“Being Indian is not a character or role one can play”
- Charlene Teters
Charlene Teters possesses many masks. When she is not busy being a mother of two, she is teaching, creating art, or participating in multiple campaigns. Interestingly enough, she found a way to mesh all three activities together. From Spokane, WA, a descendant of the Spokane Tribe, Teters uses her voice and her art to protest mediums that appropriate her culture.
Teters marks the beginning of her activism for the Native American/Indian culture when she protested the University of Illinois mascot, “Chief Illiniwek” and it worked. In 2007, Chief Illiniwek danced his last dance as the Sioux-inspired get-up was retired after being banned due to protests. Teters continues to picket sporting events that appropriate her culture, but continues on with another medium to help combat the stereotyping of Native peoples.
When she is not using her voice to protest, she is using her art. Teters is an active artist and uses her paintings to rid of stereotypes. She took her passion for art further and began teaching at the Institute of American Indian Art in Santa Fe, New Mexico as a Professor of Art.
“Teaching is a cherished cultural skill amongst Native people and as such I take my responsibility as a teacher to heart.”
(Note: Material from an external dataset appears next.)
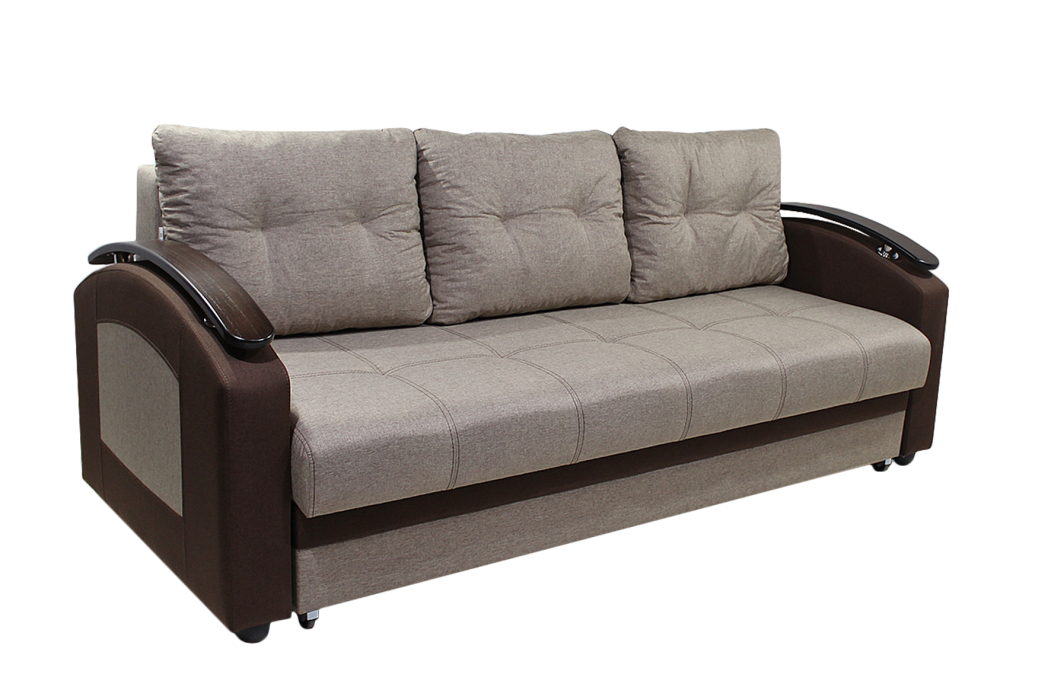 Диваны еврокнижки, Прямой диван София тесла мокко/тесла шоколад (НПБ)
Passing on her knowledge of art and activism, she teaches the next generations to continue the fight even when she is well beyond her years. People like Teters show that activism takes on many forms. Peaceful protesting is the most common, but using art and teaching can impact the masses and bring forth more supporters internationally. This November as we celebrate Native American Indian Heritage Month, let us not forget those that are continuously fighting the battle to regain their heritage. As Teters says, “Being Indian is not a character or role one can play.”